Data supplied |
+---+
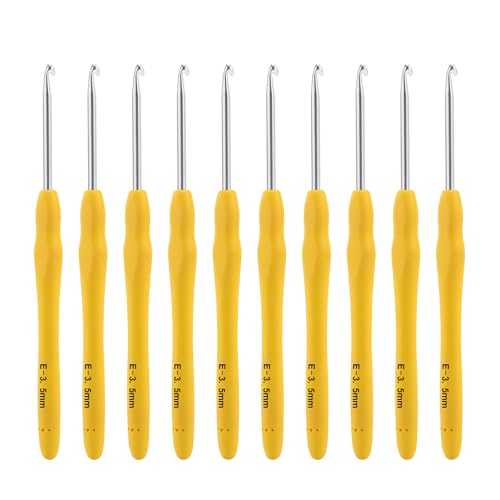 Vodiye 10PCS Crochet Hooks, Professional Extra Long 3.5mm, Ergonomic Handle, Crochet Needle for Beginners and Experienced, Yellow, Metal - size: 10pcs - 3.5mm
+---+
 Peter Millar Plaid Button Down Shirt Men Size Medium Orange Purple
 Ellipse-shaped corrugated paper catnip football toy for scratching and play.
+---+
Output the lines above between the one holding "Peter Millar Plaid" and the one holding "Ellipse-shaped corrugated paper", inclusive, with nothing before or after them.

 Peter Millar Plaid Button Down Shirt Men Size Medium Orange Purple
 Ellipse-shaped corrugated paper catnip football toy for scratching and play.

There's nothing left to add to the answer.